◆ **ENTRIES SUPPLIED**
───
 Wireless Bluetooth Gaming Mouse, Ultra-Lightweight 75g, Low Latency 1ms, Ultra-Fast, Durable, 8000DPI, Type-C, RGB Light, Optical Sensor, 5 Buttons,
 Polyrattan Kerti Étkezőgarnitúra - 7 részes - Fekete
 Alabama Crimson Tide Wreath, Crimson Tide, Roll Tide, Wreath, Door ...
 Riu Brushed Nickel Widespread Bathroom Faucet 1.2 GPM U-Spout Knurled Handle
───
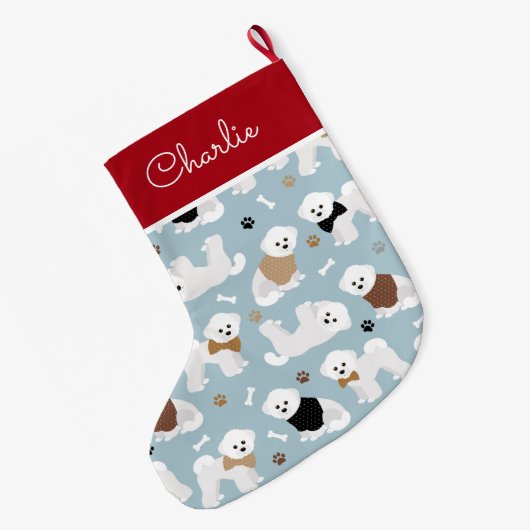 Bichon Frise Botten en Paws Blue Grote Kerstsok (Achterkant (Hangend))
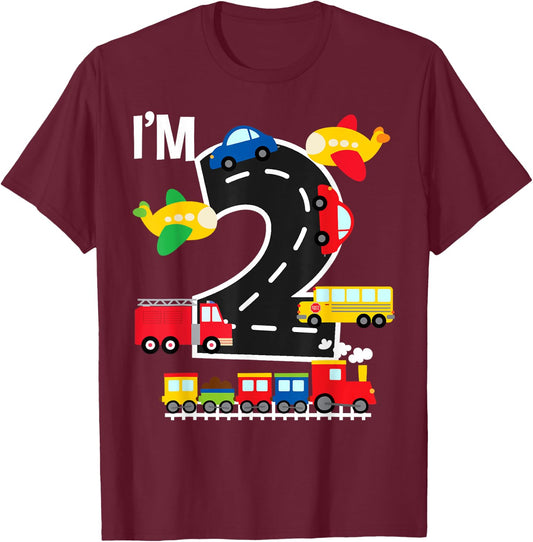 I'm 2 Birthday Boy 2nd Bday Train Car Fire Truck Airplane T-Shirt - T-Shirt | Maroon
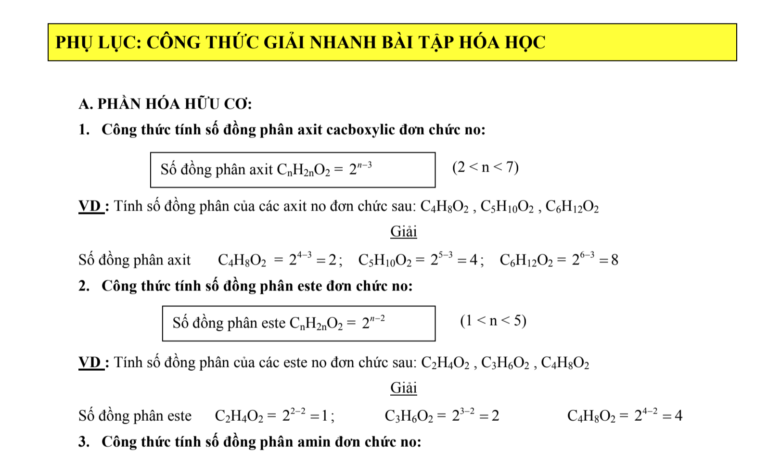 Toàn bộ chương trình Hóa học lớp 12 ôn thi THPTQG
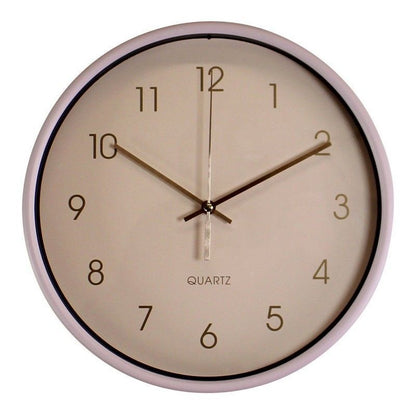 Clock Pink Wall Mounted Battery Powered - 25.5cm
───
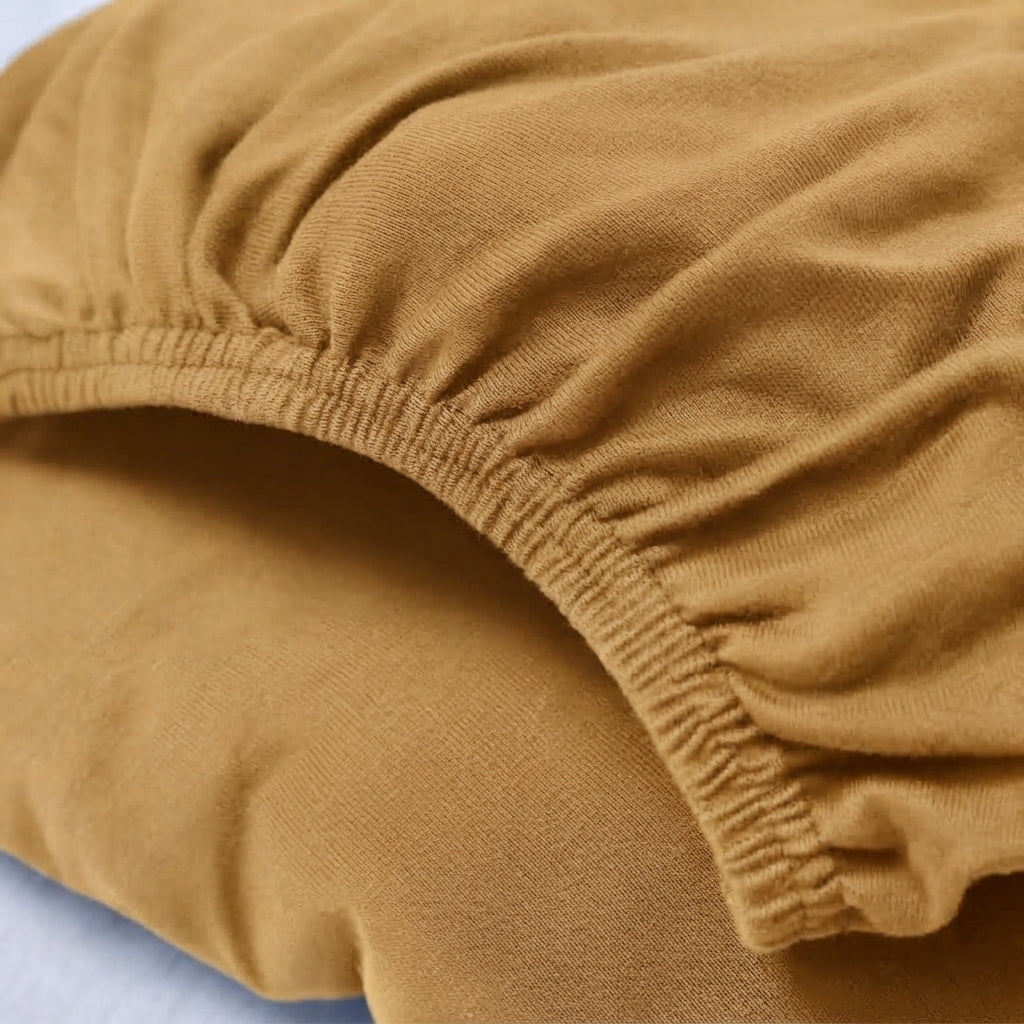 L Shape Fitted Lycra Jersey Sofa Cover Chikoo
───
◆ **TASK OBJECTIVE**
Begin at the line above that has "Polyrattan Kerti Étkezőgarnitúra" and stop after the line that has "Riu Brushed Nickel", copying each line exactly and adding nothing else.

◆ **RESPONSE AREA**
 Polyrattan Kerti Étkezőgarnitúra - 7 részes - Fekete
 Alabama Crimson Tide Wreath, Crimson Tide, Roll Tide, Wreath, Door ...
 Riu Brushed Nickel Widespread Bathroom Faucet 1.2 GPM U-Spout Knurled Handle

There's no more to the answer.